__INFORMATION SUPPLIED__
━━━━
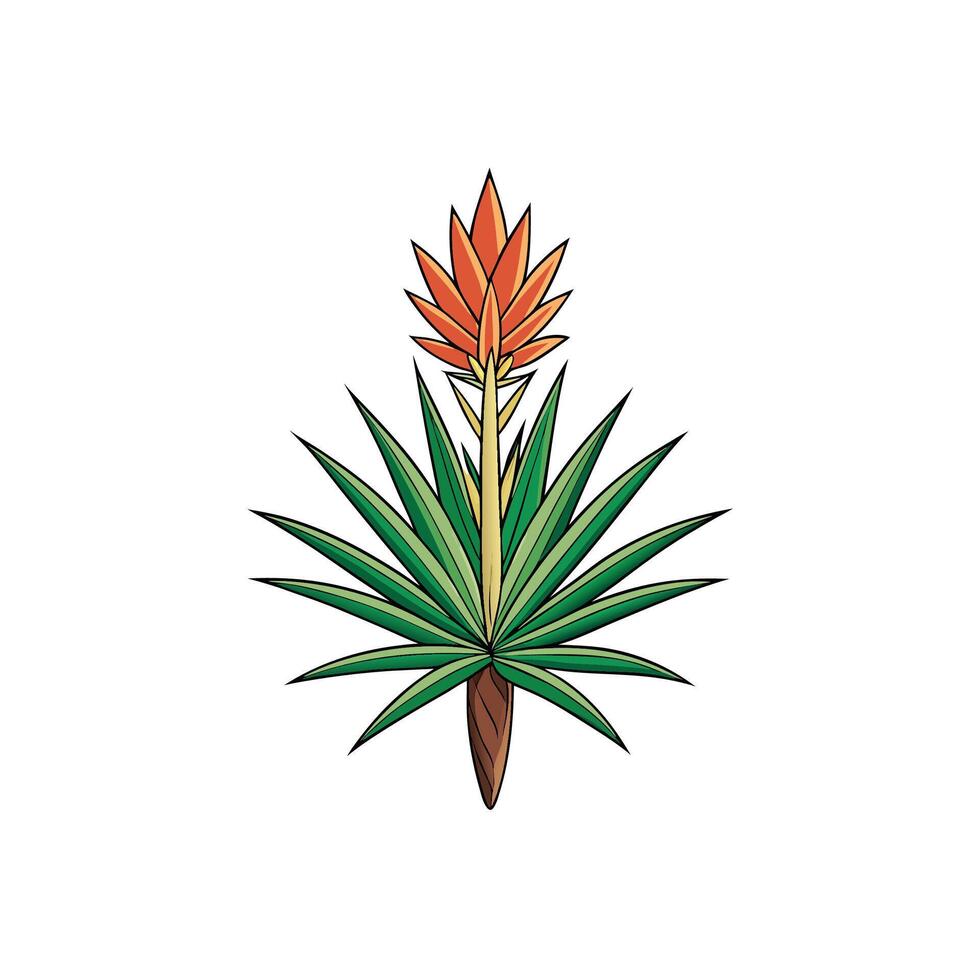 Aloe plant with orange flower in cartoon style vector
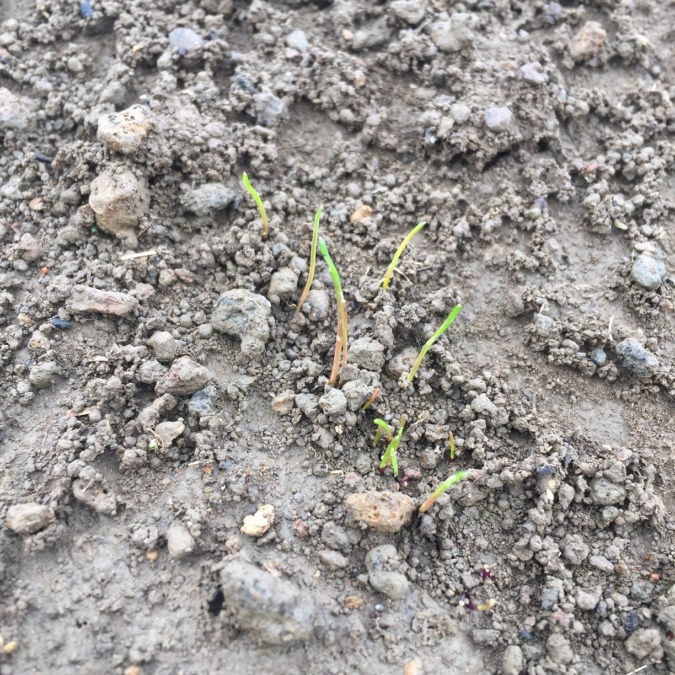 【はたけDE暦｜雪下出麦】一候遅れで確認できました。わたしの牧草麦です。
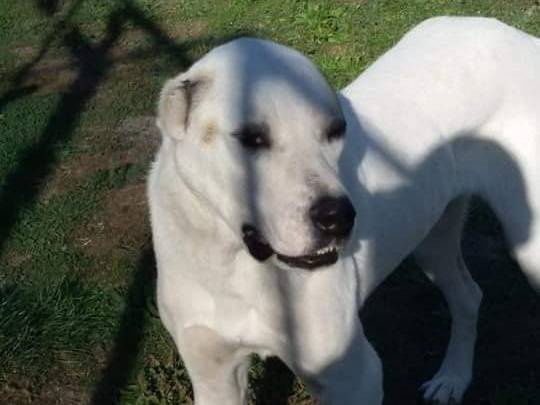 Adotta il cane IGOR e IRON  a Terni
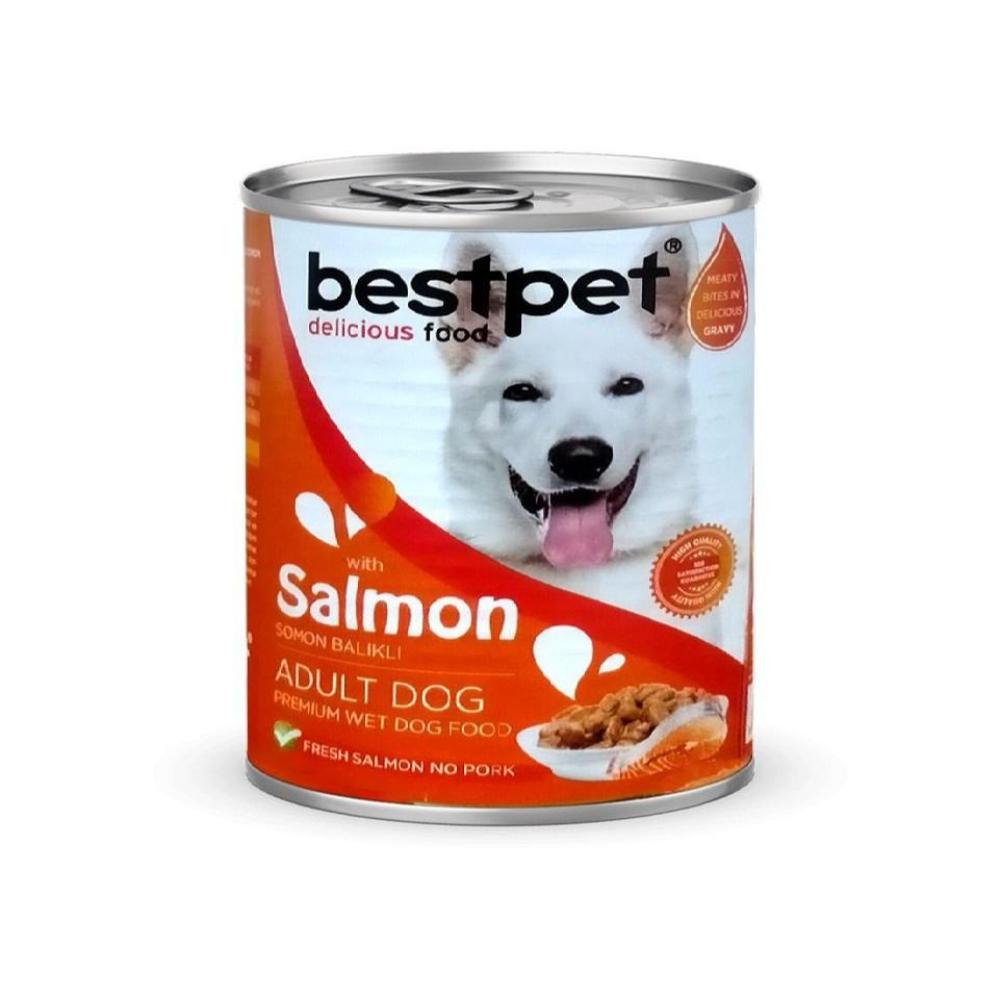 طعام رطب للقطط من BestPet مع سمك السلمون 400 جرام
━━━━
__TASK PROMPT__
Copy out the material exactly as it stands, though no picture should appear in the copy.

__WORKED SOLUTION__
 Aloe plant with orange flower in cartoon style vector
 【はたけDE暦｜雪下出麦】一候遅れで確認できました。わたしの牧草麦です。
 Adotta il cane IGOR e IRON  a Terni
 طعام رطب للقطط من BestPet مع سمك السلمون 400 جرام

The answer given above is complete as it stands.